Sql-server – How to make a union view execute more efficiently

indexsql serverunionview

I have a large table (tens to hundreds of millions of records) that we have split for performance reasons into active and archive tables, using a direct field mapping, and running an archive process every night.

In several places in our code we need to run queries that combine the active and archive tables, almost invariably filtered by one or more fields (which we've obviously put indexes on in both tables). For convenience it would make sense to have a view like this:

create view vMyTable_Combined as
select * from MyTable_Active
union all
select * from MyTable_Archive

But if I run a query like

select * from vMyTable_Combined where IndexedField = @val

it's going to do the union on everything from Active and Store before filtering by @val, which is going to kill performance.

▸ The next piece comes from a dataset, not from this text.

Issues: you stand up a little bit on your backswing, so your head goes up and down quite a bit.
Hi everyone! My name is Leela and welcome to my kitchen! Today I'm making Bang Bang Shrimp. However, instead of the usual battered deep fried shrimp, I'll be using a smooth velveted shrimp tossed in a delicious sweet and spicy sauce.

Is there any clever way of making the two sub-queries of the union view each filter by @val before they create the union?

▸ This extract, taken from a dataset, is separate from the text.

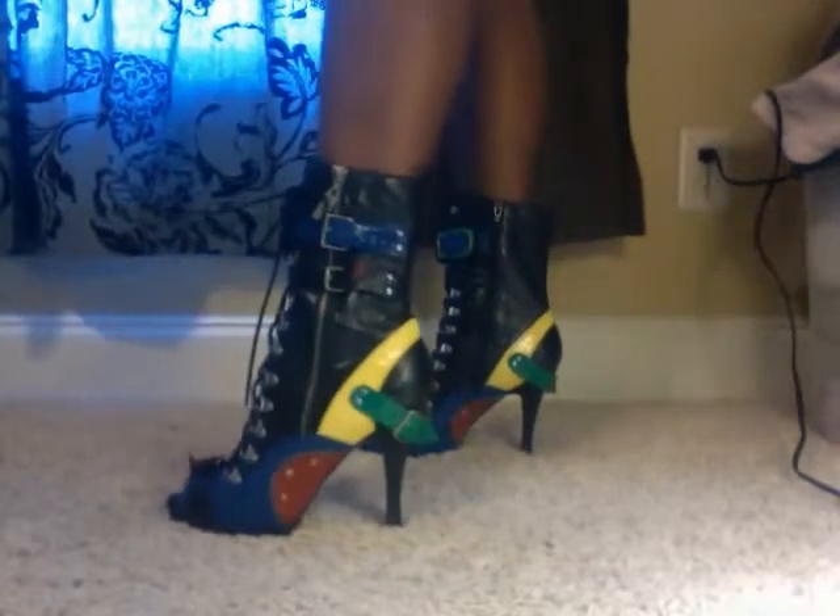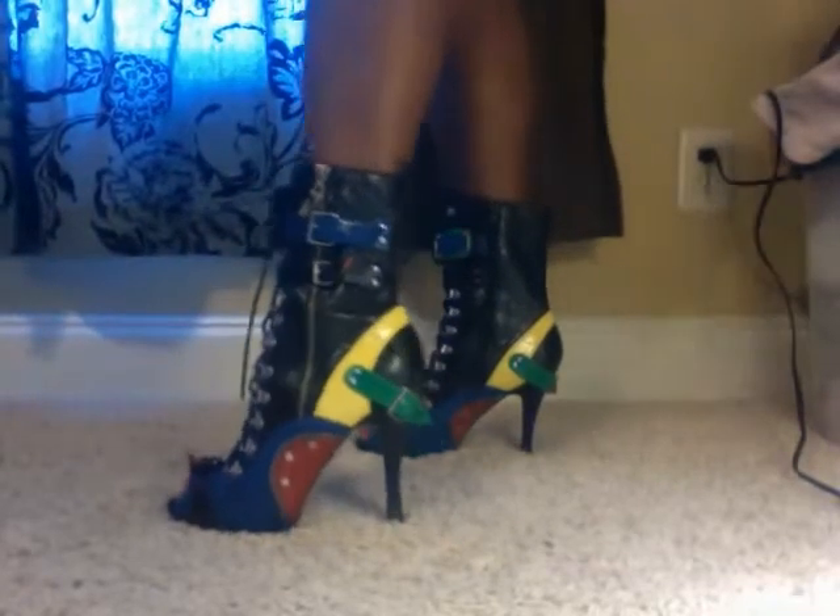But they're very sexy on, and they give your legs that vampy biker girl look. Let me turn around so you can see the back.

Or maybe there's some other approach you would suggest that achieves what I'm going for, i.e. an easy and efficient way of getting the union record set, filtered by the indexed field?

EDIT: here's the execution plan (and you get to see the real table names here):

execution plan

Oddly enough, the active table is actually using the correct index (plus a RID lookup?) but the archive table is doing a table scan!

Best Answer

The comments on the question show that the issue is that the test database the OP was using to develop the query had radically different data characteristics than the production database. It had much fewer rows and the field being used for filtering wasn't selective enough.

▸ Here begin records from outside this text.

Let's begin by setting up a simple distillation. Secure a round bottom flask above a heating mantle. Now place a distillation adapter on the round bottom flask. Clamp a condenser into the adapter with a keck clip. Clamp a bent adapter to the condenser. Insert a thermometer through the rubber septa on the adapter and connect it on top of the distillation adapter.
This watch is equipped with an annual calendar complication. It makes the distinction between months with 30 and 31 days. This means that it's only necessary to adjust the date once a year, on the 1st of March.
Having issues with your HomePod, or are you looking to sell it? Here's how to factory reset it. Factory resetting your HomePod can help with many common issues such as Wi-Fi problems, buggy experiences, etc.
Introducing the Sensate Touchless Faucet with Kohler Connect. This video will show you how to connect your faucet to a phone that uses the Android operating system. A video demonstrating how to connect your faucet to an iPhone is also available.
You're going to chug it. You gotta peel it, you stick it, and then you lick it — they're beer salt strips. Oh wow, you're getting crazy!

When the number of distinct values in a column is too small the index may not be sufficiently selective. In this case a sequential table scan is cheaper than an index seek/row lookup operation. Typically a table scan makes exensive use of sequential I/O, which is much faster than random access reads.

Often, if a query would return more than just a few percent of rows it will be cheaper just to do a table scan than an index seek/row lookup or similar operation that makes heavy use of random I/O.